▸ **Task description**
Only the lines below, from the one with "Verbal duel: How" through the one with "Balenciaga o1in1g1024 Padded", are to be written out, exactly.

▸ **The data**
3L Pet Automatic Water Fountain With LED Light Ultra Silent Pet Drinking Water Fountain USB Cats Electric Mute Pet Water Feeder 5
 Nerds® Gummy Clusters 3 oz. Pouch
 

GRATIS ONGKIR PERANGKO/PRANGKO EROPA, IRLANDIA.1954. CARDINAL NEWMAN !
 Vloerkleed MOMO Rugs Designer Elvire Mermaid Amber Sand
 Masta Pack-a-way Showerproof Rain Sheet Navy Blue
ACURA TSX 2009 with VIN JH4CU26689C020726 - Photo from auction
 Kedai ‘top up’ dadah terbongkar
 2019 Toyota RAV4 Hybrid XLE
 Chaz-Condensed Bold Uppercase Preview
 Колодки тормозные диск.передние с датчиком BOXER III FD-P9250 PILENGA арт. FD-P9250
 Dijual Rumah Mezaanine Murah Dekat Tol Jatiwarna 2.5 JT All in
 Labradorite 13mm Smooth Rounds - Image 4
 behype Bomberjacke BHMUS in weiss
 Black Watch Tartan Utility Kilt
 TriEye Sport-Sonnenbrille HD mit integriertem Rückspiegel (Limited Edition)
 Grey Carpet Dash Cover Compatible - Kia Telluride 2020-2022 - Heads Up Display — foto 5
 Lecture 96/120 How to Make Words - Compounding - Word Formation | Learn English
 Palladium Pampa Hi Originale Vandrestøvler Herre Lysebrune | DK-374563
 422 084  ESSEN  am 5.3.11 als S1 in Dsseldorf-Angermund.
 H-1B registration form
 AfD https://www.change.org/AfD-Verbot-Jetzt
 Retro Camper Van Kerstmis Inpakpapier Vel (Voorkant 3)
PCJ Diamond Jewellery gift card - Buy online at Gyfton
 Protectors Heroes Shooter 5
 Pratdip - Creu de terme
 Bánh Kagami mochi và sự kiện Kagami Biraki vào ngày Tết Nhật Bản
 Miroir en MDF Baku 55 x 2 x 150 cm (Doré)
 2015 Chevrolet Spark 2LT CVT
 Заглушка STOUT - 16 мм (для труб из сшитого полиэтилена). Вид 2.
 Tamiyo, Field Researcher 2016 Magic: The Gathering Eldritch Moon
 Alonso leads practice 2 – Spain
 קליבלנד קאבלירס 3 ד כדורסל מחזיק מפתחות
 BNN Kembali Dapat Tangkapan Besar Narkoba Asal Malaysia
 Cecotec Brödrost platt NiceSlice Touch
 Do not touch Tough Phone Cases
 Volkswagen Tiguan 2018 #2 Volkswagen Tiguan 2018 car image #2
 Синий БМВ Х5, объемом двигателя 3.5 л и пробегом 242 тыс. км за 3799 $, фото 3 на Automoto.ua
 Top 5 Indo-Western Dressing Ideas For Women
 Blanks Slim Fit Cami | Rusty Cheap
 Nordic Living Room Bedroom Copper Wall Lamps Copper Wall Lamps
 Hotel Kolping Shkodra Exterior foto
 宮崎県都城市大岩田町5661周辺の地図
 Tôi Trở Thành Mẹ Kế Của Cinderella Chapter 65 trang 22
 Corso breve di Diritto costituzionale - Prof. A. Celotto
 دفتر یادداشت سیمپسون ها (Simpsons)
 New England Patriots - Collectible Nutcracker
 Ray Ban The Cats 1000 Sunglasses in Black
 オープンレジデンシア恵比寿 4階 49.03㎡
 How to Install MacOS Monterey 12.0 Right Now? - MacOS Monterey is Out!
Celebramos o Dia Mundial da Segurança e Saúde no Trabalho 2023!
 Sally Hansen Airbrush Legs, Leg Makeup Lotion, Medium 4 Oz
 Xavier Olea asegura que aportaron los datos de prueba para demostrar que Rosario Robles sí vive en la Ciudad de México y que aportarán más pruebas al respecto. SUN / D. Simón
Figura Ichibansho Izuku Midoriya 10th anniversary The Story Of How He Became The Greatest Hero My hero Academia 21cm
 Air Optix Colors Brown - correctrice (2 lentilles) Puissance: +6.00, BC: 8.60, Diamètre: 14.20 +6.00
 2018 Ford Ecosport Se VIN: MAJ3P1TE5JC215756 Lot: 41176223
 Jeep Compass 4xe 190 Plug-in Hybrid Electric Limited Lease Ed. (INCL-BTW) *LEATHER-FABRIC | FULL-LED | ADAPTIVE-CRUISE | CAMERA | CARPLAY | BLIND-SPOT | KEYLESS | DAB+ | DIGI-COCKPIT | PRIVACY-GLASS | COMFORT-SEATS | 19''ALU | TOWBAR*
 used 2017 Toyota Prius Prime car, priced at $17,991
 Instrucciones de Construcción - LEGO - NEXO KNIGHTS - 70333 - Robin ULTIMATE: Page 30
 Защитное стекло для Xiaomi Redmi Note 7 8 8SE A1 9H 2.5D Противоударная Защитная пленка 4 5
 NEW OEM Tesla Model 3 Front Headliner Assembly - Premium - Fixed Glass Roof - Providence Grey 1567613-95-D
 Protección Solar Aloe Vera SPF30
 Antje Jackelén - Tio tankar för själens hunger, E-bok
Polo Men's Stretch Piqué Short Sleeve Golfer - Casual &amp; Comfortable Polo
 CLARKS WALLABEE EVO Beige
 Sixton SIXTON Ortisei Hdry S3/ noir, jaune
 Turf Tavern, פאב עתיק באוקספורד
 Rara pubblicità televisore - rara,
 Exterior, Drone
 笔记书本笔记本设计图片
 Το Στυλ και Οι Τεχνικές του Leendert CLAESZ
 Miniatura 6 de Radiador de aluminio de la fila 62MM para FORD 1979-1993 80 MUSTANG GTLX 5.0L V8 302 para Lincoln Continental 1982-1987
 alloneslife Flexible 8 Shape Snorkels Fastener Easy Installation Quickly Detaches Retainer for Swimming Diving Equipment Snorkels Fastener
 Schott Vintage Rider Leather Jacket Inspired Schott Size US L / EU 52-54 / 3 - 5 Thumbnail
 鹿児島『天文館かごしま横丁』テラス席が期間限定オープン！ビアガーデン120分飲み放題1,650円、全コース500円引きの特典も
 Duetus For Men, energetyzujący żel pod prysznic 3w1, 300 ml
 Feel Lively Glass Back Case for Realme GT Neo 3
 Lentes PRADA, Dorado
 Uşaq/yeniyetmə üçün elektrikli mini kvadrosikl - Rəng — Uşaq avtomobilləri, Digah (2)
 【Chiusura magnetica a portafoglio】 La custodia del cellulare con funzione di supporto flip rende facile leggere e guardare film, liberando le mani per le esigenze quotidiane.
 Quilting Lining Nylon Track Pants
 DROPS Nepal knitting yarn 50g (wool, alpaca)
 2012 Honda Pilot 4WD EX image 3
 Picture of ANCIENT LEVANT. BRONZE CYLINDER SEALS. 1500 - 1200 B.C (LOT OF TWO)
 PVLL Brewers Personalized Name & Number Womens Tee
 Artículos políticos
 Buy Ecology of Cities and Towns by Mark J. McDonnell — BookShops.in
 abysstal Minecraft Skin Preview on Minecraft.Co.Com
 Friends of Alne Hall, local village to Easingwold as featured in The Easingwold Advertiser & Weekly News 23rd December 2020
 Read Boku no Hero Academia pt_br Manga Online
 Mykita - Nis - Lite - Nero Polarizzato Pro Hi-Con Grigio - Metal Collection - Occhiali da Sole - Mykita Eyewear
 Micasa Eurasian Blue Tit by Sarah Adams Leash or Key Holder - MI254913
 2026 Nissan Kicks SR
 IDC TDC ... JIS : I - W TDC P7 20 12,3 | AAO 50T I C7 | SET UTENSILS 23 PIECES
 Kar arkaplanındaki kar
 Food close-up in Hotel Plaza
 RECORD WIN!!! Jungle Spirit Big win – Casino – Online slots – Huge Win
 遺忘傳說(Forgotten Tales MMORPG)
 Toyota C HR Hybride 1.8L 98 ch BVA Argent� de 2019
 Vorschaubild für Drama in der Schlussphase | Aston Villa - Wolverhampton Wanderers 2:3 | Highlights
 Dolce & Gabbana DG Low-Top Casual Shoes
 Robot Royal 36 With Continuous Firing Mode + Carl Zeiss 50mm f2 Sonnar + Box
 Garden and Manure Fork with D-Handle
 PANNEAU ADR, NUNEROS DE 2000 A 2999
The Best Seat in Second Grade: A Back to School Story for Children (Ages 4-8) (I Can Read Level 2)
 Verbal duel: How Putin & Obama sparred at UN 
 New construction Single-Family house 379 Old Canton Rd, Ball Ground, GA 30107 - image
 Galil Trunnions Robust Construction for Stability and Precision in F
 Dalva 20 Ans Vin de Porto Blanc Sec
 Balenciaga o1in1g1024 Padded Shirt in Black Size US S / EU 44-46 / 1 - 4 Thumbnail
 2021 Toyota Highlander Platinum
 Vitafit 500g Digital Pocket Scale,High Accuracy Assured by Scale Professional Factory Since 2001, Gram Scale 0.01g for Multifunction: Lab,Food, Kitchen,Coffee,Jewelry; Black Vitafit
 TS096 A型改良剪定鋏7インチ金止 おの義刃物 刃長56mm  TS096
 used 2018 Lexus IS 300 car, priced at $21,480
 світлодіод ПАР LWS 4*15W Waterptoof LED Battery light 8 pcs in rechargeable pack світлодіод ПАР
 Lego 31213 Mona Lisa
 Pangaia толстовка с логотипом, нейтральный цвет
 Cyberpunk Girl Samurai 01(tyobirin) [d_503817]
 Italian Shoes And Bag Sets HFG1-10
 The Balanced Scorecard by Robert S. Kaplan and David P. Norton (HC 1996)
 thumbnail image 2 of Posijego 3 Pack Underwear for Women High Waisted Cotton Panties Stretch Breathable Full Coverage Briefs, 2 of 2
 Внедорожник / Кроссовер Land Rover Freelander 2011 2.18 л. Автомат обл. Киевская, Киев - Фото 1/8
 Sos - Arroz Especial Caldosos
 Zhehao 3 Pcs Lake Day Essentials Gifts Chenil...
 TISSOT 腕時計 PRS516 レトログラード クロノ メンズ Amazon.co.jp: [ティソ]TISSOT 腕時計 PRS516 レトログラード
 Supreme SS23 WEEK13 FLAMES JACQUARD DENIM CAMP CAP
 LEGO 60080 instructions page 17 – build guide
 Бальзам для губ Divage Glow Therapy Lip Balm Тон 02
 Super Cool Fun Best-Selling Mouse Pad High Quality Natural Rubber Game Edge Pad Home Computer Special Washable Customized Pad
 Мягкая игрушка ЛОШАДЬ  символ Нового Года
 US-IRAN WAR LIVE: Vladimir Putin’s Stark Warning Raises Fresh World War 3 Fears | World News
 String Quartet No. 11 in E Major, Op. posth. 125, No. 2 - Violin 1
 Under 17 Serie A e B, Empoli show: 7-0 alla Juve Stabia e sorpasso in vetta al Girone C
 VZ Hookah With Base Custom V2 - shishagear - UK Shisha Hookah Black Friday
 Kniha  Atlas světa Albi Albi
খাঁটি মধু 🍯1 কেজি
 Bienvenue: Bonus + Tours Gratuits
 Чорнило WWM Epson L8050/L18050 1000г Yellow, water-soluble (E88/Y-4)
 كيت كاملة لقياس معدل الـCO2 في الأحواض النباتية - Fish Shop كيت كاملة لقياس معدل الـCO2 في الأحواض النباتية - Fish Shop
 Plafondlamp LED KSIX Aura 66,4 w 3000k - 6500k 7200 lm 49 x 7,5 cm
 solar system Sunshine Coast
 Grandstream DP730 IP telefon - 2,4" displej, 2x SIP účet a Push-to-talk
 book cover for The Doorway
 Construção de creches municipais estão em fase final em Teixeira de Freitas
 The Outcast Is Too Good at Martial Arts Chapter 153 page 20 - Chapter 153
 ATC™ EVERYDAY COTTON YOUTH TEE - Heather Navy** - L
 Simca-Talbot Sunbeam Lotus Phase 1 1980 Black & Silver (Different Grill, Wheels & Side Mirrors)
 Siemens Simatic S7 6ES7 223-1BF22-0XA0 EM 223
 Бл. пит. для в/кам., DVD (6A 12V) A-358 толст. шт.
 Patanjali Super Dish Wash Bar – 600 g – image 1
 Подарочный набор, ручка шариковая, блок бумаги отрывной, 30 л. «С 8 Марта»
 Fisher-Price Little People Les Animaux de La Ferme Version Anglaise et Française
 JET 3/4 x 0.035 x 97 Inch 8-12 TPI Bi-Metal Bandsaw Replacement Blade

▸ **Problem solution**
 Verbal duel: How Putin & Obama sparred at UN 
 New construction Single-Family house 379 Old Canton Rd, Ball Ground, GA 30107 - image
 Galil Trunnions Robust Construction for Stability and Precision in F
 Dalva 20 Ans Vin de Porto Blanc Sec
 Balenciaga o1in1g1024 Padded Shirt in Black Size US S / EU 44-46 / 1 - 4 Thumbnail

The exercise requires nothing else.